Americans
- Callum House
- Jul 20, 2022
- 3 min read
Updated: Oct 25, 2022
20 July 2022
I spent my weekend in Paris at a musical festival.
As a Brit, I know to keep my voice down, speak French wherever possible and generally stay out of the way of the French. I, like many Brits before me, am in a country that isn’t mine. Unlike Brits of the past, I’m not looting it for all its worth, I’m just here to see Megan Thee Stallion.
The French are relatively loud and obnoxious. Famously rude and to the point, they have no qualms about cutting lines, pushing through a crowd, or voting for a Nazi.

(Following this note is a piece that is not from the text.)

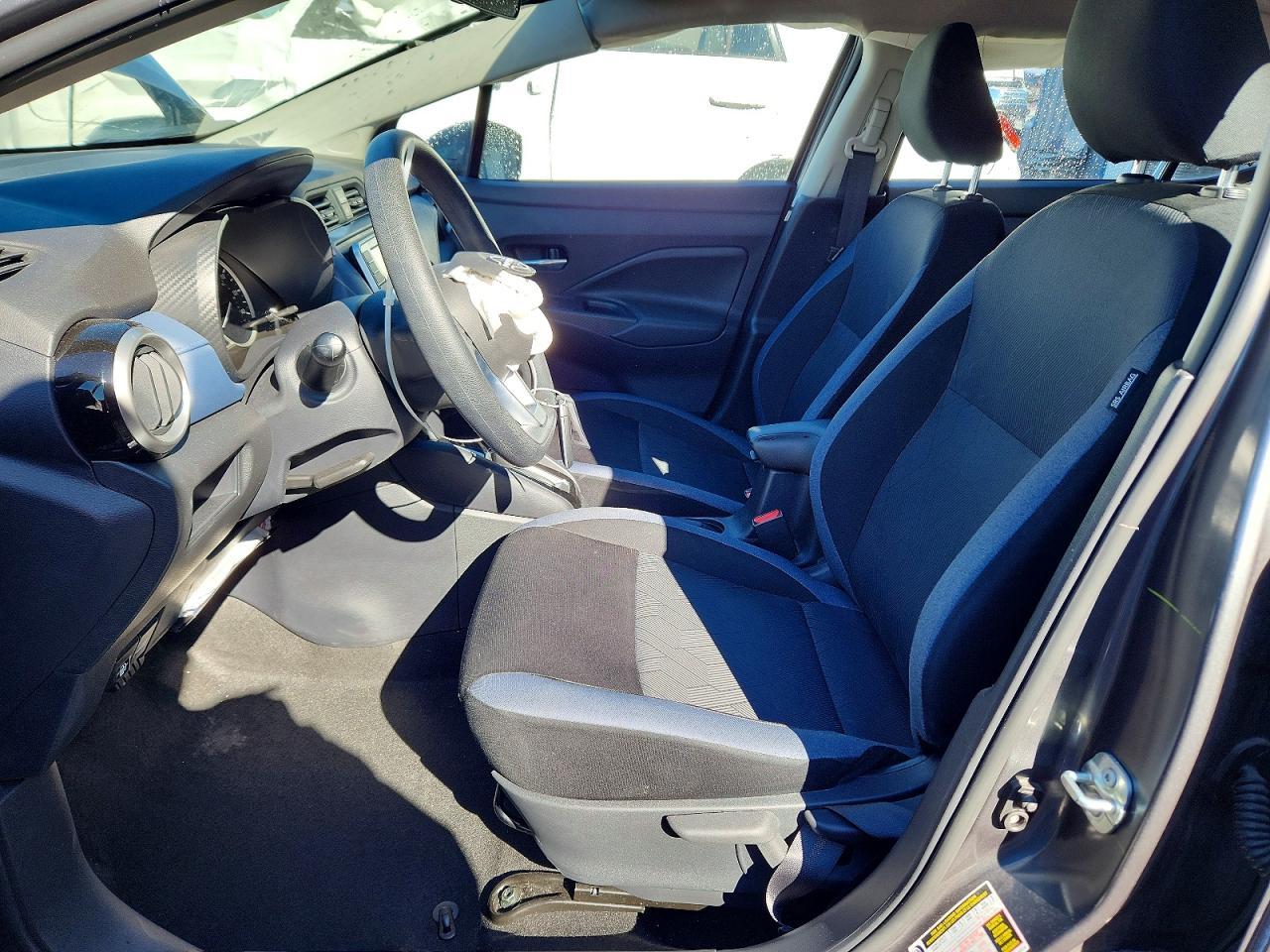 2025 Nissan Versa Sv - zdjęcie 7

However, I must reiterate; I’m in their country, so I suck it up and repeat “c’est okay” as they shove past me to get a better view. Don’t get me wrong, it fucks me off, but I’m a passive aggressive, socially awkward, beta male with terrible French, so what am I going to do about it?
There’s one nation, however, who simply don’t care about all this socially constructed nonsense: the Americans.

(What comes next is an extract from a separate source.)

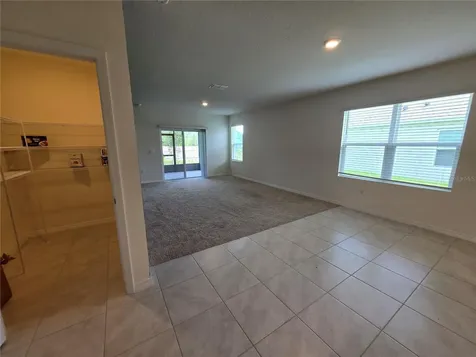 1657 Rosydale Circle Davenport FL 33837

There are groups of them dotted around the festival, and you can see them coming from a mile away. They’re social tornados that rip through crowds of unsuspecting Europeans. The vibe changes when you’re next to a group of Americans. No one is louder or less polite.
As I was waiting to see Megan Thee Stallion, I was stood next to a group of 19 year old girls from the USA. They were, and this isn’t malapropism, literally yelling at each other as everyone in a 10 metre radius looked on, bewildered.

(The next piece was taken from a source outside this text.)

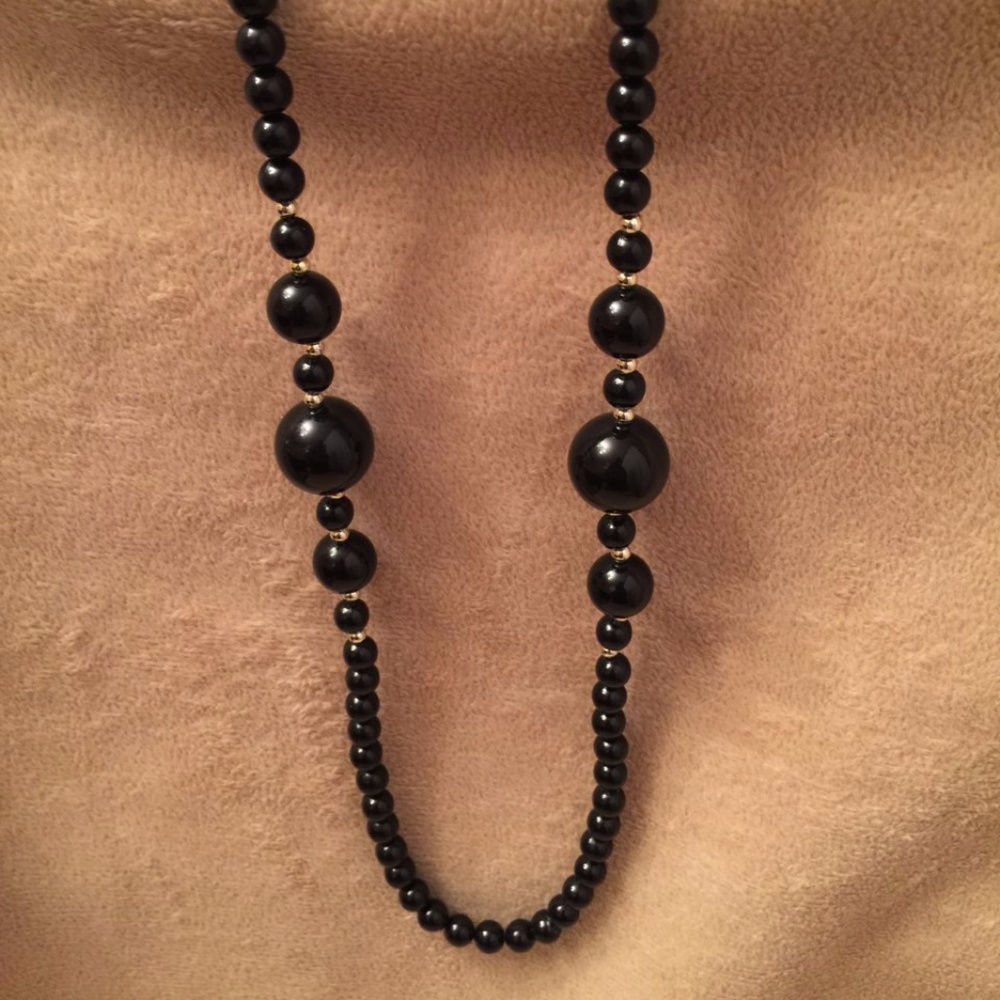 BLACK and SILVER BEADED NECKLACE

How on earth these people don’t pick up on social cues I don’t know. But yelling at each other, vocal fry and all, about which drugs they’ve done, people they know from home and where they want to visit. One of them mentioned going to the Alps later in the year, I feel like I should alert the Swiss government for fear of avalanches. It was like listening to Red Scare through one of Godspeed You! Black Emperors amplifiers. It triggered my fucking fight or flight – I hate them.
My dad always used to say, “hate is a strong word”, but it is far from strong enough to express my feelings towards these people.
Another older American man found his way over to them, like a fly to shit, and started hitting on them. Lapping it up, they start a conversation and, almost thankfully, at this point I go into sensory overload. The the sun is beaming down on me, I’m thirsty, I’m sweating like Patrick Bateman over Paul Allen’s business card as I try and roll a cigarette. My brain checks back in to hear the man ask what drugs they’ve done.
“Never take molly unless it’s pink” he says. Okay, I guess that advice is okay, I’m not an active user to MDMA so I know very little about that shit. He’s just looking out for her probably. “Never touch heroin”. No shit, mate. I doubt these 19-year-old kids were about to go and inject skag in the porta-loos but go off. He went on to say that cocaine was fine, but crack wasn’t. What do you think crack is?
As an adult, should you be recommending this to a bunch of first-time festival going kids who have never touched coke? No. I’d vouch for no.
Do I really give a shit about all this? No of course not. I couldn’t care less. Drug chats wind me up, yes but it was more down to the fact that it was coming out of the mouths of the most irritating, loud, vexatious Americans. Am I xenophobic? Probably.
David Bowie was afraid of Americans. He also consumed nothing but peppers and milk for a year so I’m not sure he was a model judge of character.